Records to use>
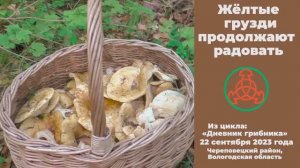 Жёлтые грузди продолжают радовать! Дневник грибника 22 сентября 2023 года.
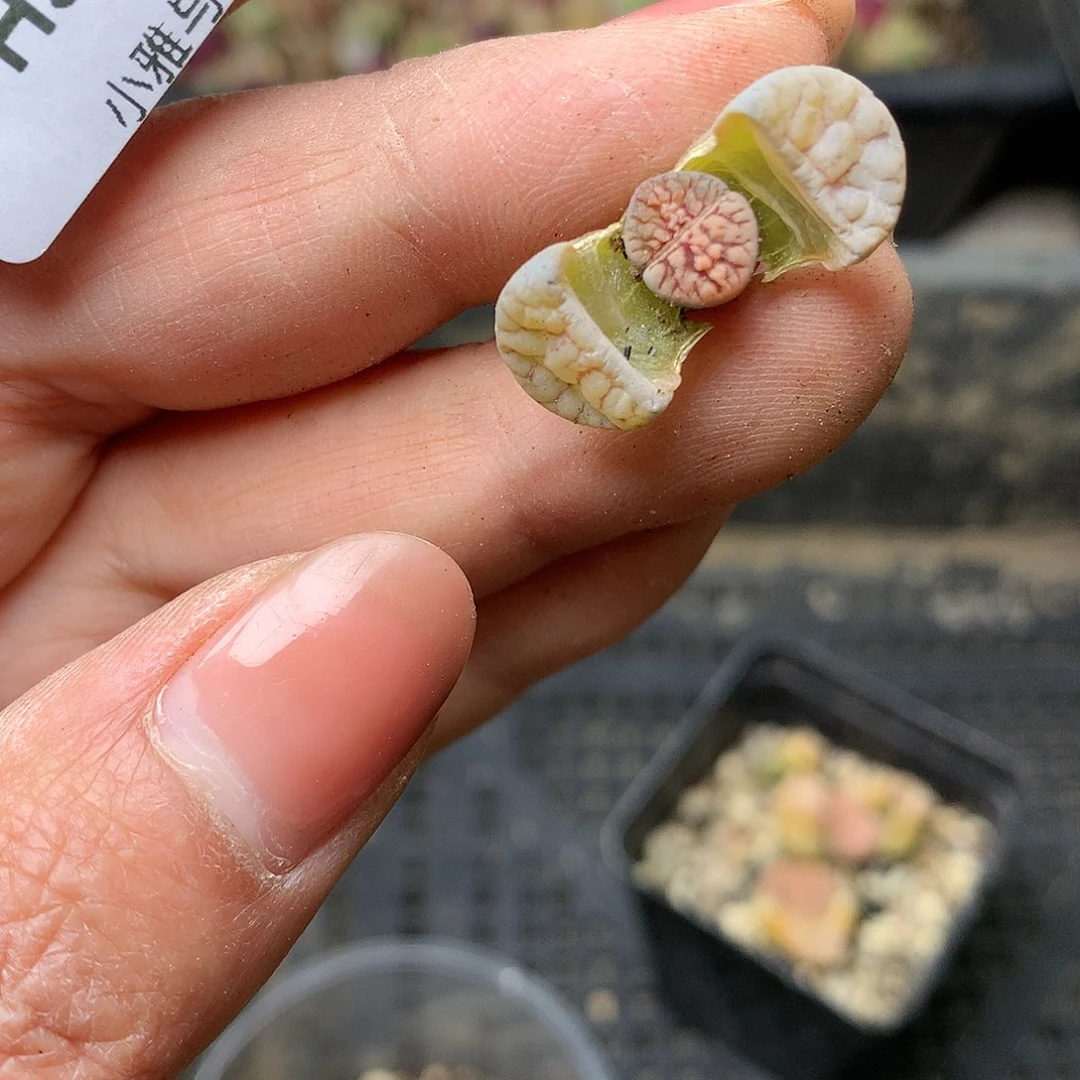 H352多肉植物保护研究所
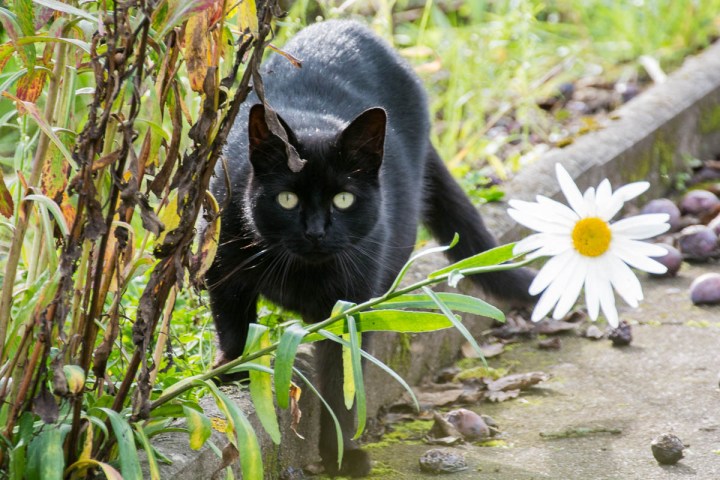 black cat and flower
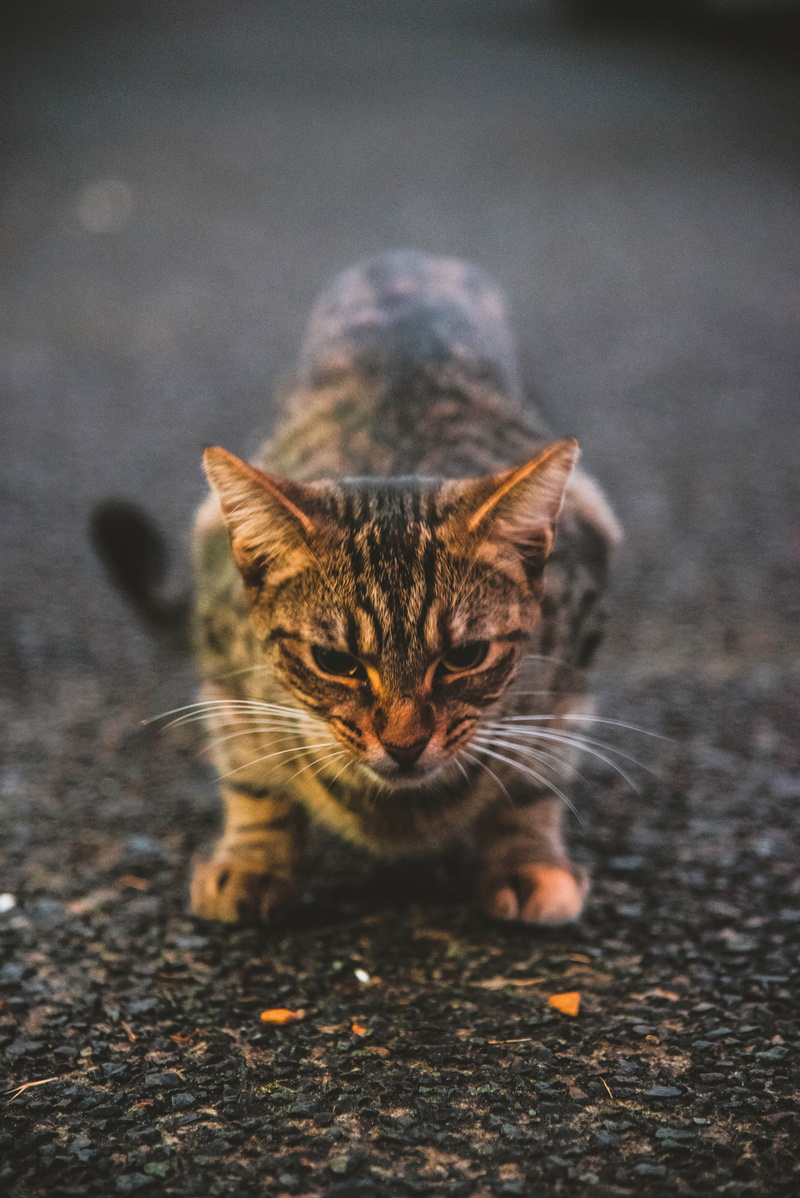 manx, ground, fire, ipad, domestic animals, feline, nature, camera, domestic cat, mammal, art, cat, vertebrate, wildlife, selective focus, food, outdoors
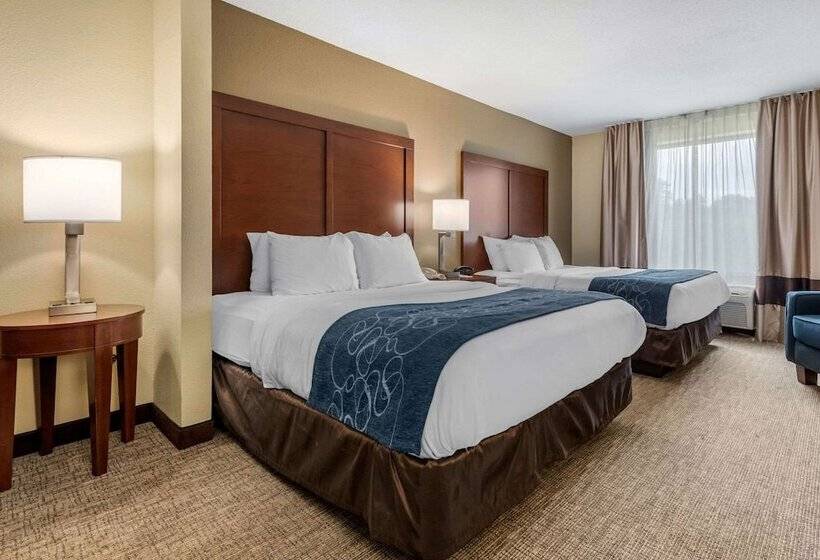 סוויטה מותאמת לאדם עם מוגבלויות, Comfort Suites Daytonwright Patterson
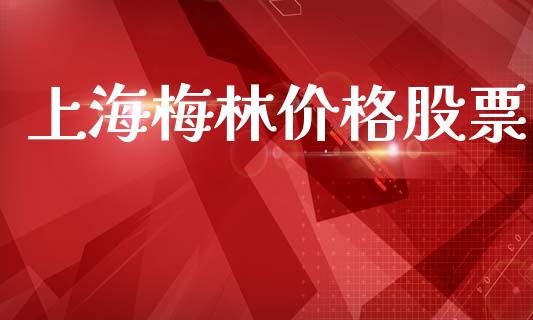 上海梅林价格股票_https://qh.lansai.wang_期货理财_第1张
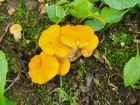 Cantharellus lateritius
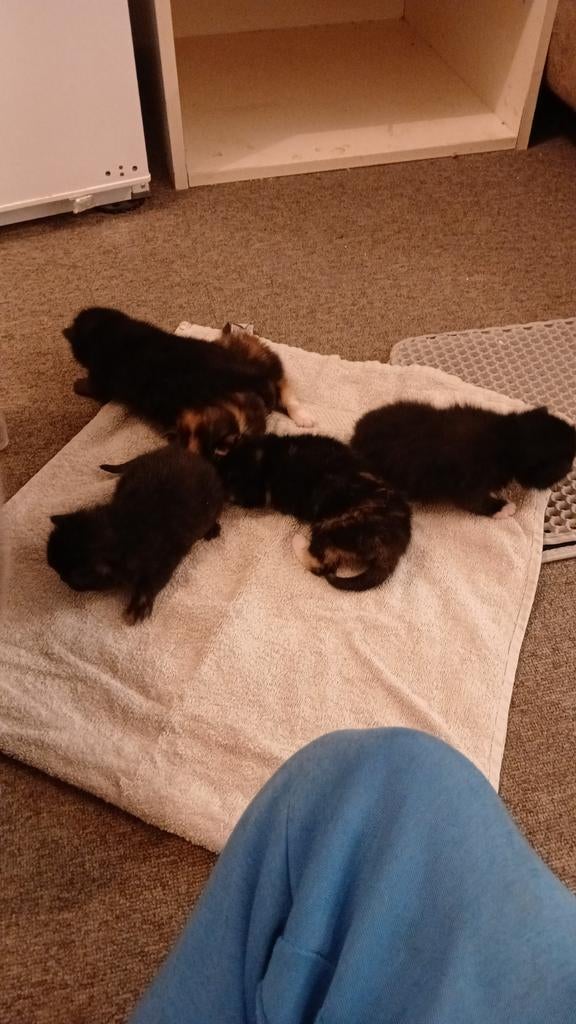 Britse korthaar kittens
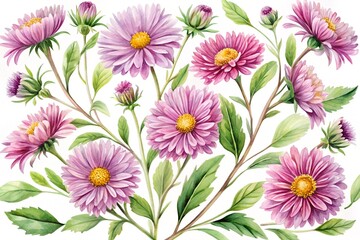 Fototapeta premium Watercolor Illustration of Pink Aster Flowers with Green Leaves on White Background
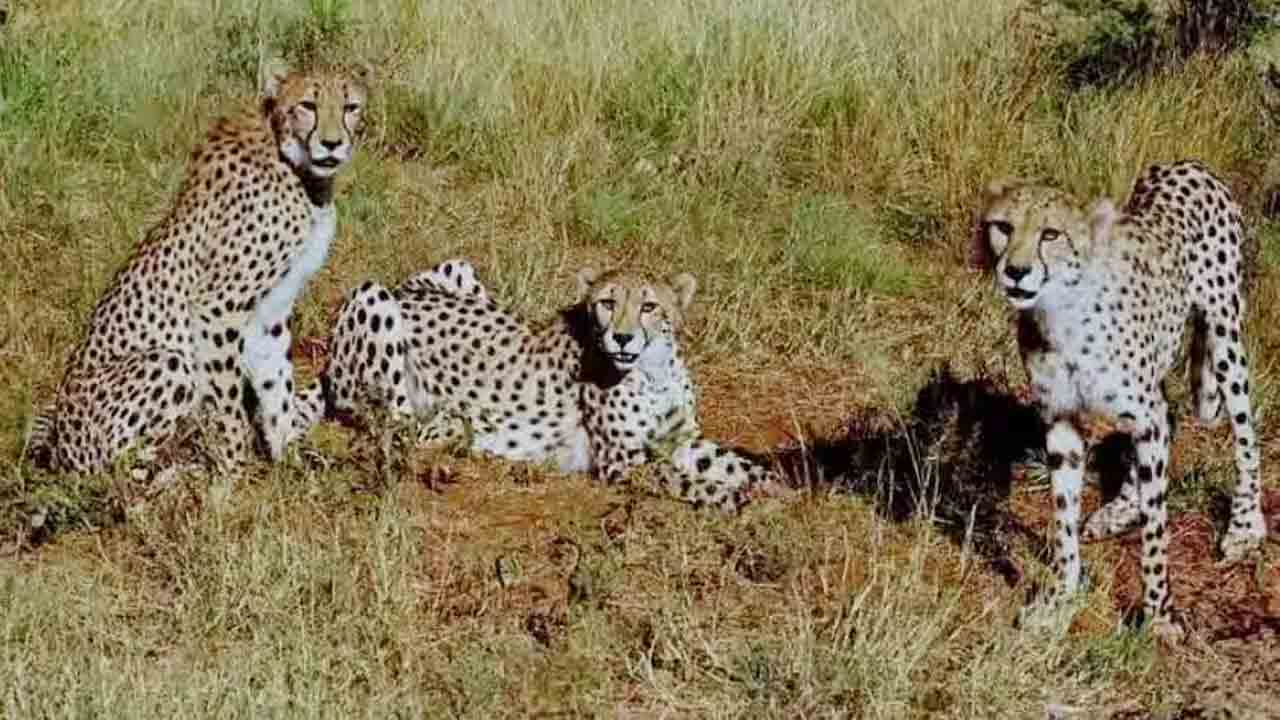 Cheetahs | భారత్‌ చేరుకున్న 12 చీతాలు..!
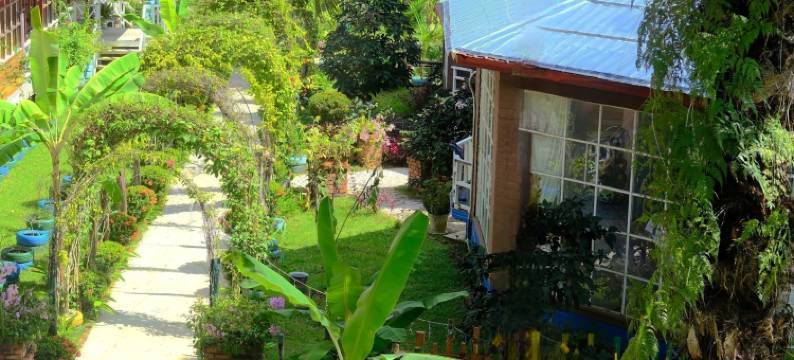 那本仙境梦幻庄园(中文管家服务+免费仙本那镇上/码头接送班车)(Together 2 Holiday Resort)图片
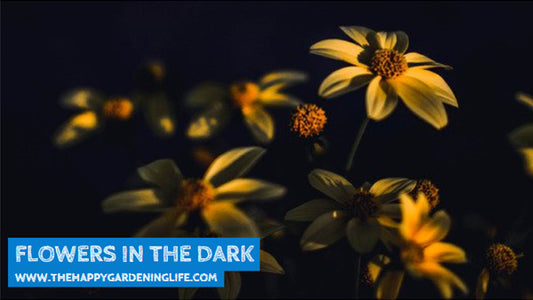Flowers In The Dark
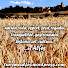 6iWDQPTCvfw-channel-avatar-Turisme Alfés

Task to carry out>
The answer consists solely of the lines from the one holding "Cantharellus lateritius" through the final line of the records, both ends included, each duplicated exactly. Leave images out.

Output of the exercise>
 Cantharellus lateritius
 Britse korthaar kittens
 Fototapeta premium Watercolor Illustration of Pink Aster Flowers with Green Leaves on White Background
 Cheetahs | భారత్‌ చేరుకున్న 12 చీతాలు..!
 那本仙境梦幻庄园(中文管家服务+免费仙本那镇上/码头接送班车)(Together 2 Holiday Resort)图片
Flowers In The Dark
 6iWDQPTCvfw-channel-avatar-Turisme Alfés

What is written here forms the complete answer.